It is pleaded that under the provisions of s. 55 it is mandatory for the AO to have made the reference to the valuation officer and as he has not made the reference, the fair market value worked out by him is vitiated and it is not valid in law. In this context, reliance is placed upon the Circular No. 96, dt. 25th November, 1972, of the CBDT, which explains the scope of s. 55A and may be seen at p. 2126 of Chaturvedi & Pithisaria Vol. 2, Fourth Edition, which reads as follows :

“26. A new s. 55A has been inserted in the IT Act enabling the ITO to refer the valuation of any capital asset to the Valuation Officer with a view to ascertaining the market value of such asset. References under this section will lie only after 31st December, 1972, as the provisions of s. 2 of the Amending Act will come into force w.e.f. 1st January, 1973.

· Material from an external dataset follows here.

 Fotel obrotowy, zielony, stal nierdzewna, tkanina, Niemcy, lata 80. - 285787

Under the new provision, an ITO may refer the valuation of any capital asset to a Valuation Officer in a case where the assessee has got the assets valued by a registered valuer and the ITO is of opinion that the value as estimated by the registered valuer (i.e., a person registered as a valuer under s. 34AB of the WT Act) is less than the fair market value of the asset. Other cases in which a reference may be made to the Valuation Officer would be where the ITO is of opinion that the fair market value of the asset exceeds the value of the asset as claimed by more than 15 per cent of the value claimed or by more than Rs. 25,000, whichever is less or where, having regard to the nature of the asset and other relevant circumstances, the ITO considers it necessary to do so. It will be seen that in case where the assessee has opted for substitution of the cost of acquisition of an asset by its fair market value as on 1st January, 1954, the fair market value as claimed by him may be higher than its actual fair market value. The provisions of s. 55A(a) and (b)(i) will, therefore, not apply in such a case. It will however, be open to the ITO to make a reference to the Valuation Officer under s. 55A(b)(ii).”

The learned counsel for the assessee has also relied on the decision of the Hon’ble Punjab & Haryana High Court in the case of Raj Paul Oswal vs. CWT (1988) 171 ITR 489 (P&H), in the light of which, according to the learned counsel, such a reference is mandatory.

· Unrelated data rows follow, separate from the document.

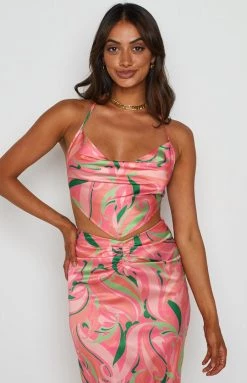 BB Exclusive Ingrid Red Print Halter Top Tops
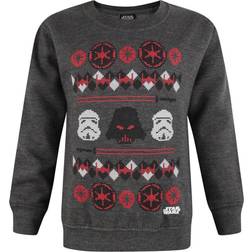 Star Wars Boys Fair Isle Christmas Sweatshirt (11-12 Years) (Charcoal/Red/White)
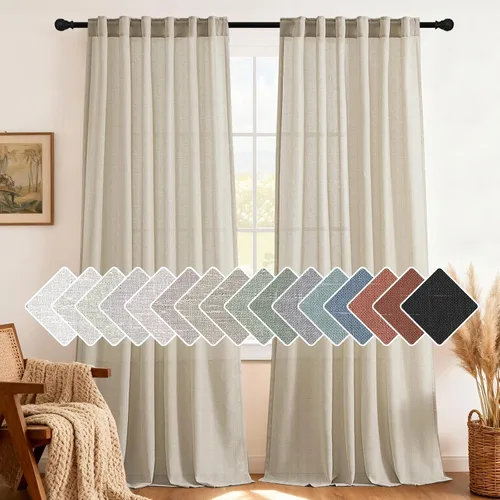 Vista 40 de H.VERSAILTEX Cortinas de lino natural de 63 pulgadas de largo para sala de estar, 2 paneles con trabillas traseras y bolsillo, texturizadas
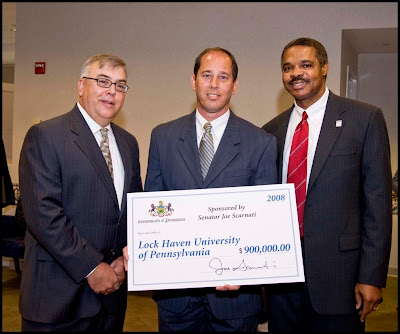 Mckean Correctional Facility. Joe Scarnati, center, presents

On merits, it is explained that Shri Roshan Nanavati has given a rejoinder dt. 28th September, 1997, which was produced before the CIT(A) and has mentioned in this rejoinder that the Departmental Valuation Cell itself valued the properties even in Walkeshwar as on 1st April, 1981, at much higher figures. So, it is pleaded that the sale instances cited by the AO cannot be taken as reflecting the correct values because of the rampant understatement of values in the sale deeds.

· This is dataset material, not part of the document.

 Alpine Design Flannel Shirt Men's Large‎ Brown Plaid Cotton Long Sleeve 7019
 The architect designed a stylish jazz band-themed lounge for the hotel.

8. It is also pleaded that the value worked out by the AO is so low that if the cost of construction and the contractors profits normally accepted are reduced therefrom, the land value would work out to a ridiculously low figure. So, it is requested that in the interests of justice, the property in question should be got valued by the Valuation Cell.

9. The learned Departmental Representative on the other hand, pleaded that there is no evidence of understatement of sale consideration in the sale instances cited by the AO and so, the assessee should not be allowed to take such a plea. It is also pleaded that the sale instances quoted by the AO are much nearer in time and location to the property in question sold by the assessee and as such, the AO was justified in working out the fair market value as on 1st April, 1981, on the basis of the sale instances gathered by him.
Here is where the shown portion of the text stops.